In 379, while Fu Jiān's son Fu Pi was sieging the Jin city Xiangyang (襄陽, in modern Xiangfan, Hubei), Fu Jiān had initially ordered Fu Rong to mobilize the six eastern provinces and meet him personally at Xiangyang, but at Fu Rong's urgings (that it would be overly costly to mobilize so many troops for the battle at Xiangyang), Fu Jiān cancelled the order.

In 380, when his cousin Fu Luo (苻洛) the Duke of Xingtang rebelled in You Province (幽州, modern Beijing, Tianjin, and northern Hebei), Fu Rong was the supreme commander of the forces attacking Fu Luo, although he did not personally engage Fu Luo before the general Lü Guang defeated and captured Fu Luo. Later that year, Fu Jiān recalled Fu Rong to serve as a prime minister, replacing Wang Meng, who had died in 375. Fu Pi took over as viceroy of the six provinces.

In 382, Fu Rong urged against a campaign that Fu Jiān launched, under Lü's command, against the Xiyu kingdoms, but Fu Jiān did not listen to him.

==Battle of Fei River==

Late that year, Fu Jiān resolved to attack Jin, hoping to destroy and unite China. Most officials were opposed. He summoned Fu Rong to a private conversation, hoping that Fu Rong would support it, but Fu Rong, citing Wang's urging against it on his deathbed, opposed—arguing that it would be a dangerous venture and that what Fu Jiān truly had to look out for were the Xianbei and Qiang generals who might rebel. Fu Jiān did not listen to him, but instead put him in charge of commanding the invasion force against Jin. In 383, the campaign was launched, as Fu Rong led some 300,000 men and headed toward the Jin city of Shouyang (壽陽, in modern Lu'an, Anhui), capturing it with relative ease. Fu Jiān soon joined him personally, and they prepared further movements. However, Jin forces, commanded by Xie Shi (謝石), dealt Fu Rong's forward troops minor defeats, and the morale dropped. Eventually, the armies were stalemated across the Fei River (which no longer exists but probably flowed through Lu'an, near the Huai River), Former Qin forces to the west and Jin forces to the east.
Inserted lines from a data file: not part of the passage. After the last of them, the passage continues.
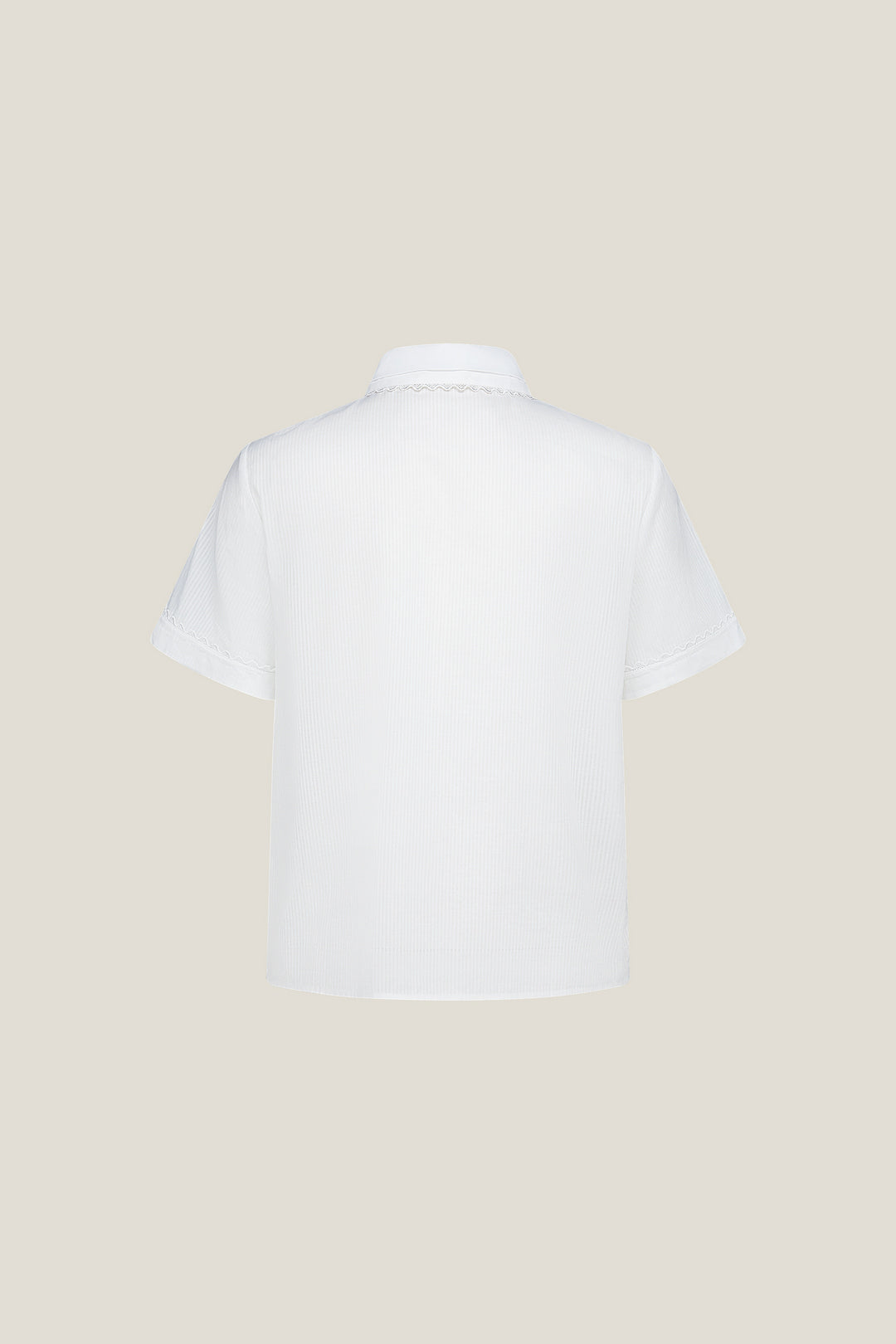 Shirt Collar 恤衫領襯衫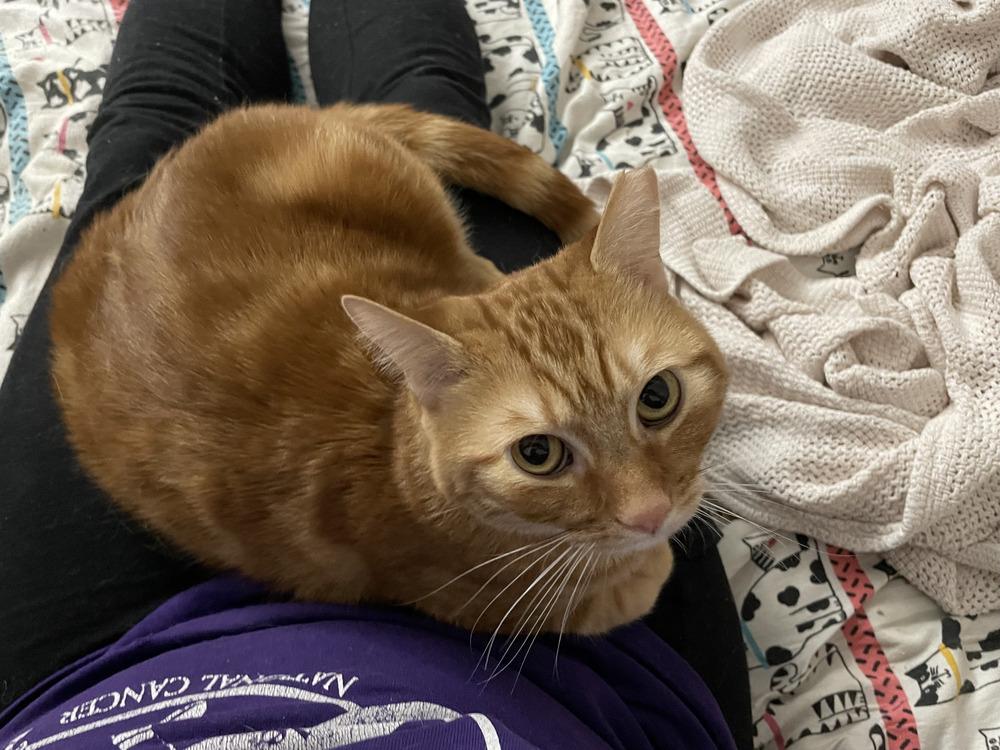 Aragorn, a Adoptable Tabby in Fern Park, FL image 2/6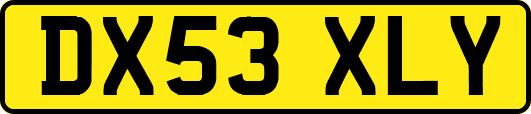 DX53XLY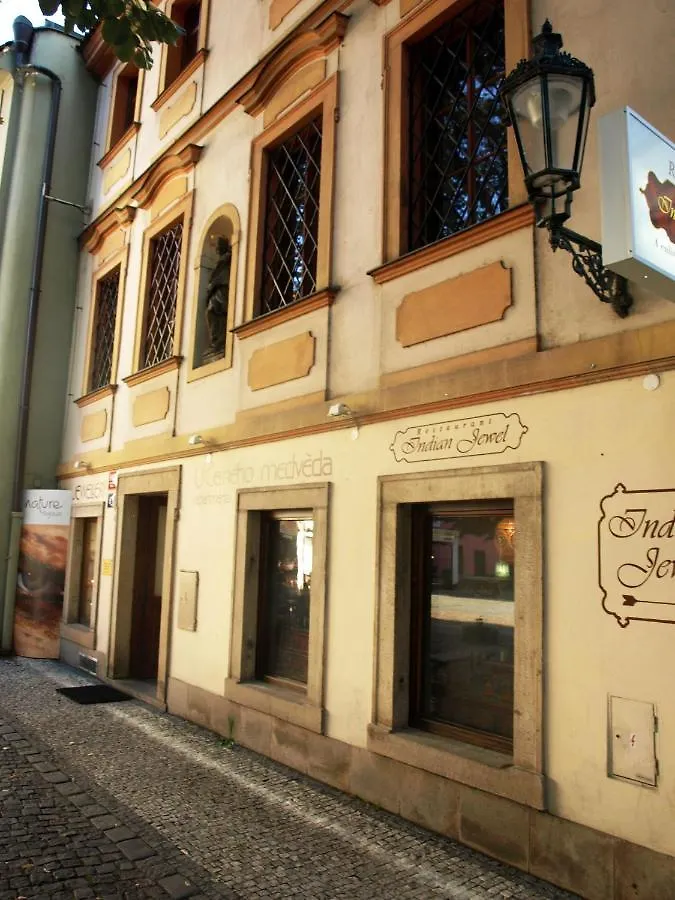 U Cerneho Medveda- At The Black Bear Apartment Prague
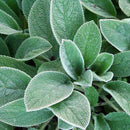 Lamb's Ear Stachys Helen Von Stein - CF Hydroponics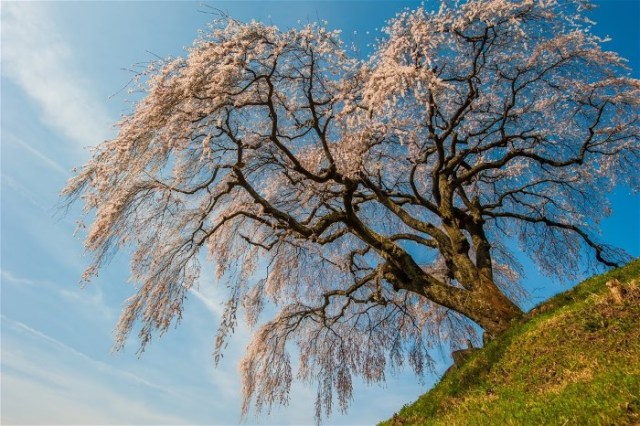 7Okkazuma Japan Takashi Aoyama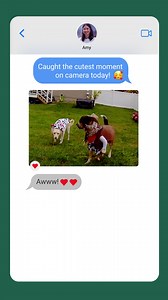 Give them something to talk about! Like up to 60% off Blink Outdoor 4 cameras. Snag yours today (And tell a friend!) 👯‍♀️👯 | Blink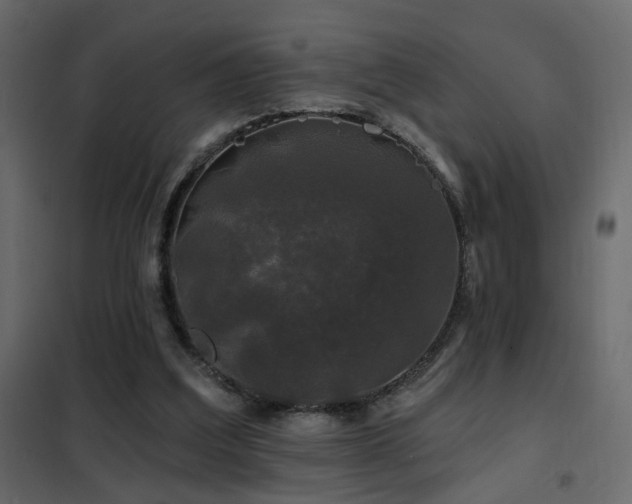 X0000102490203200808081336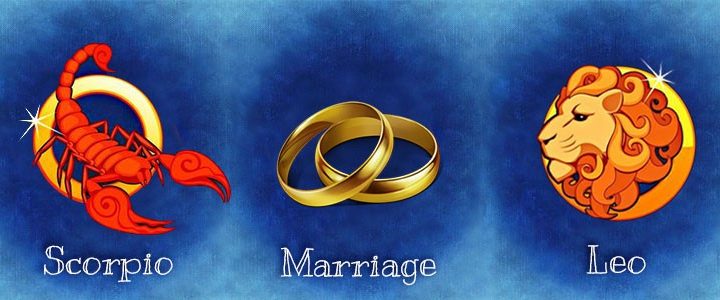 Совместимость Льва и Скорпиона - конфликты и отношения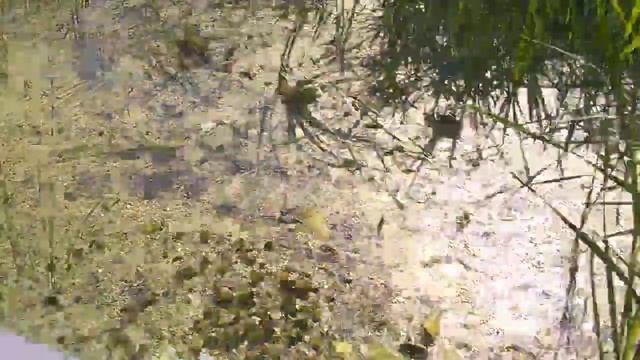 Застрял на моторе болотоходе смотреть онлайн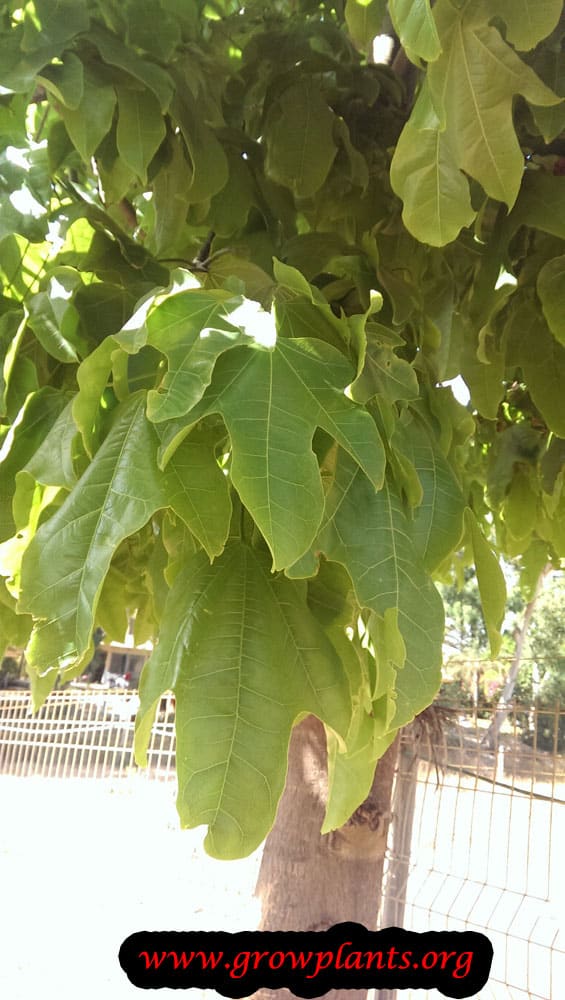 Brachychiton acerifolius leaves
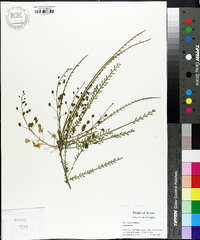 Parkinsonia aculeata image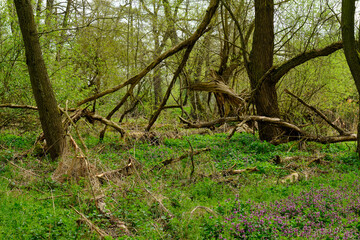 Naturschutzgebiet Altmain und Sandmagerrasen bei Limbach, Landkreis Hassberge, Unterfranken, Franken, Bayern, Deutschland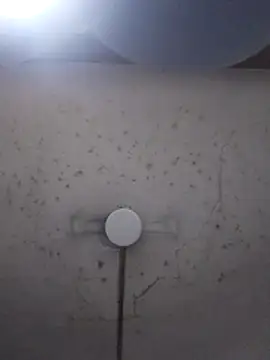 Snapshot of marie12345679 chatting on 02.26.26 marie12345679 online show from 02.26.26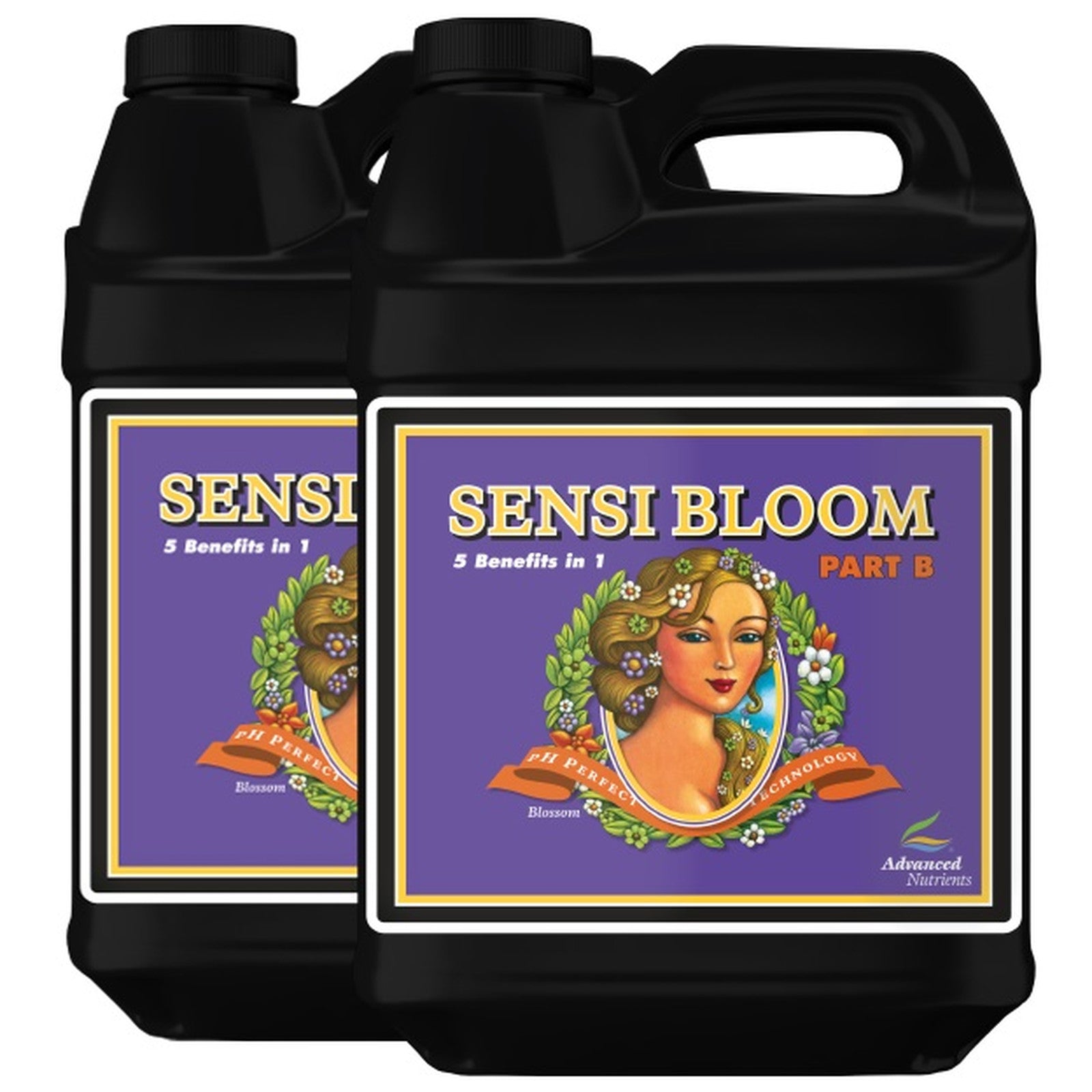 Advanced Nutrients Sensi Bloom A & B pH-Perfect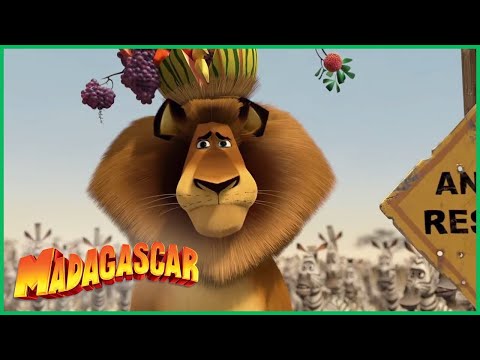 DreamWorks Madagascar | Alex sai da Reserva | Madagascar  Escape 2 Africa Filme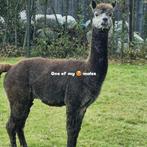 Alpaca dekhengst grey harlekijn ter dekking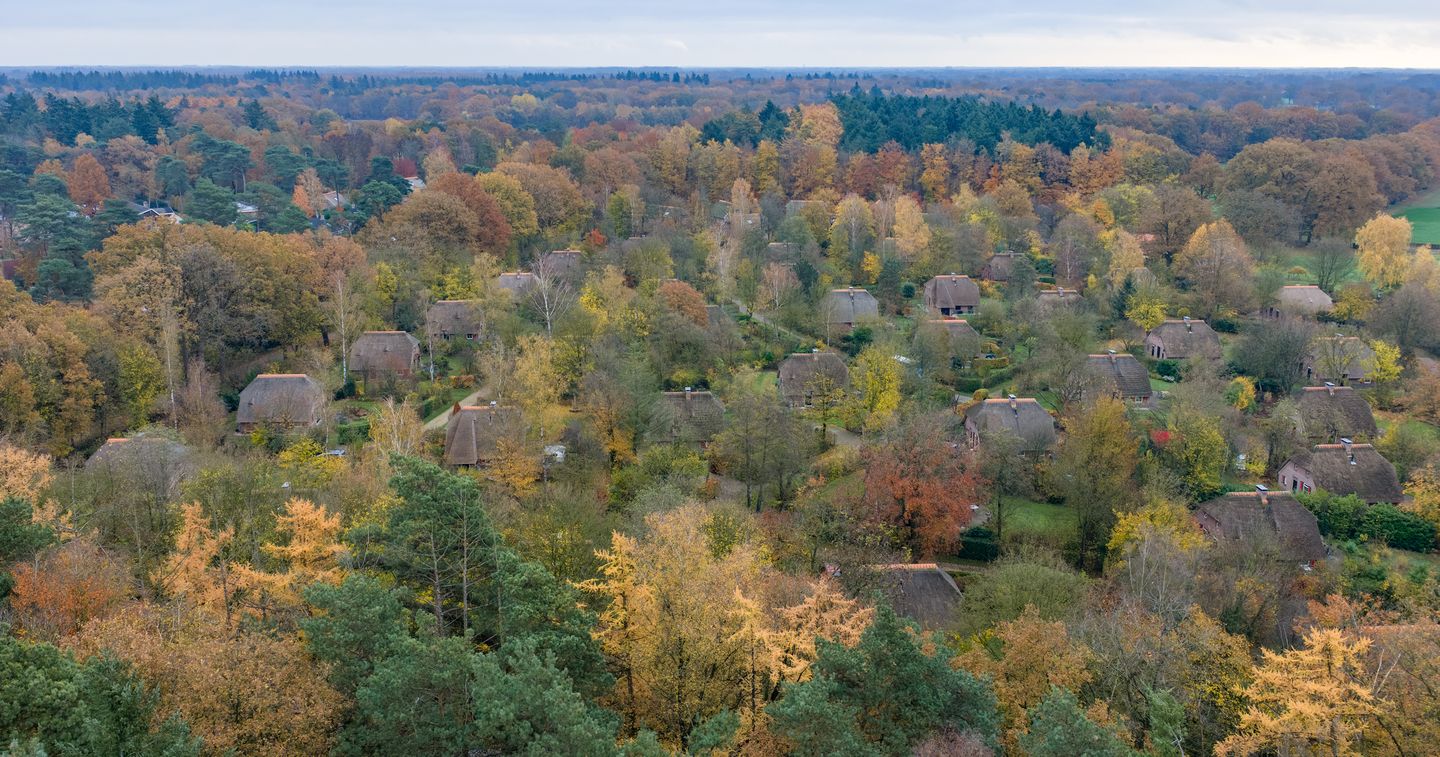 Photo 29 of Wolbarg 9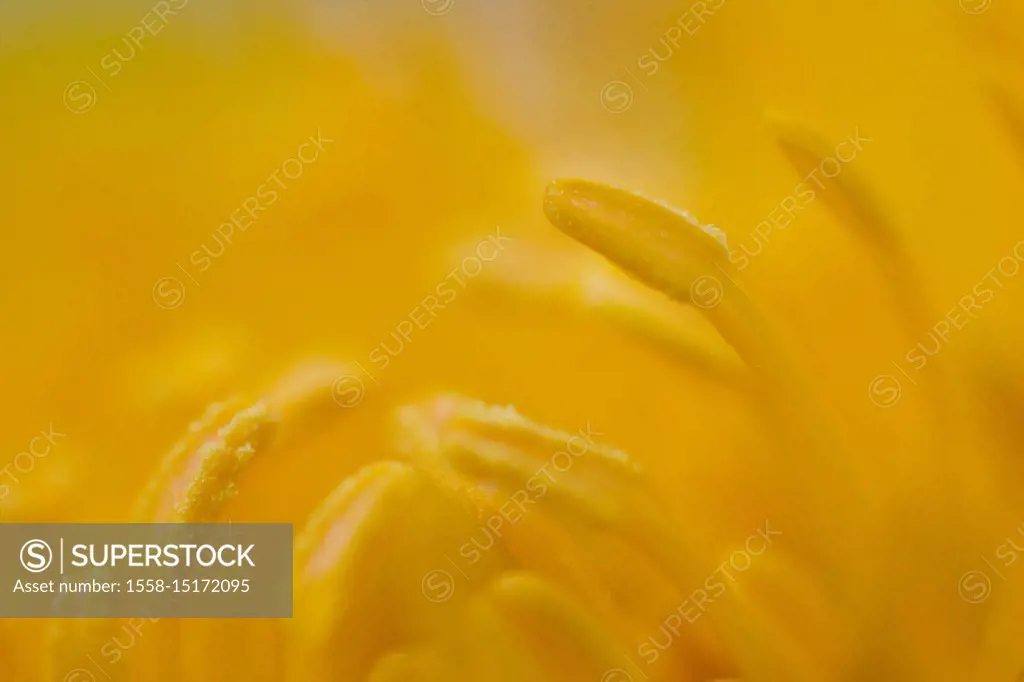 Stamen of a marsh marigold, blossom, close-up, Caltha palustris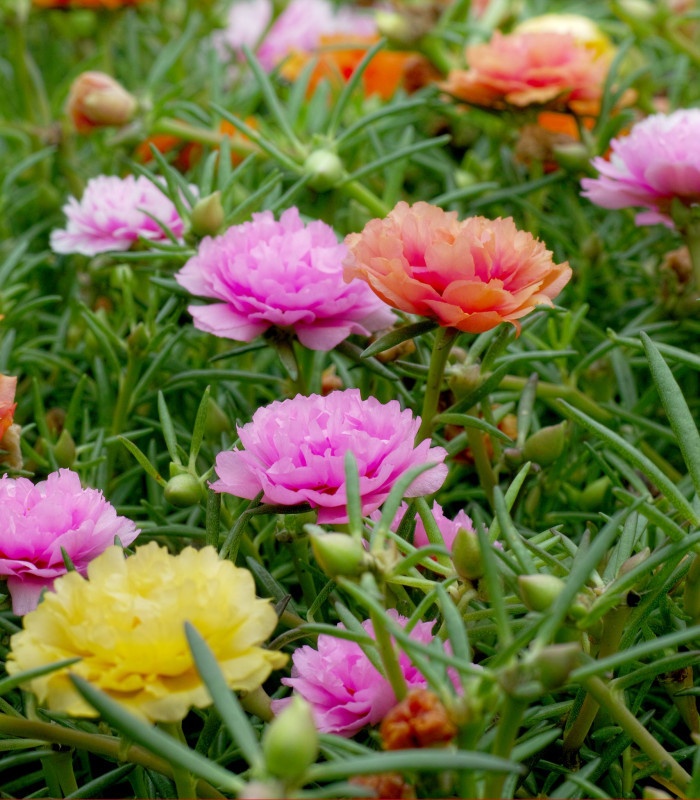 Portulaca Grandiflora () Portulaca Grandiflora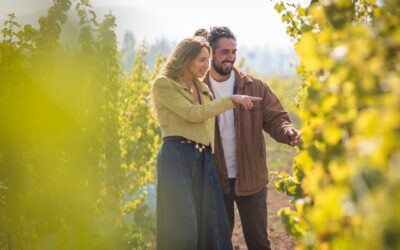 Chile es mucho más que vino: una nueva vitrina invita a descubrir sus valles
The Jin general Xie Xuan sent a message to Fu Rong, suggesting that the Former Qin forces retreat slightly to allow Jin forces to cross the Fei River, so that the armies could engage. Fu Jiān overruled the generals' reluctance for the plan, wanting to attack Jin forces as they were crossing the river, and Fu Rong agreed, ordering a retreat. However, the Former Qin forces fell into a panic while retreating, and Jin forces attacked. Fu Rong tried to personally calm the troops, but as he was doing so, his horse suddenly fell, and he was killed by Jin forces. His death brought further panic to the Former Qin forces, and it entirely collapsed. Former Qin would not able to restart its attack against Jin, and a chain of events eventually led to its near destruction in 385.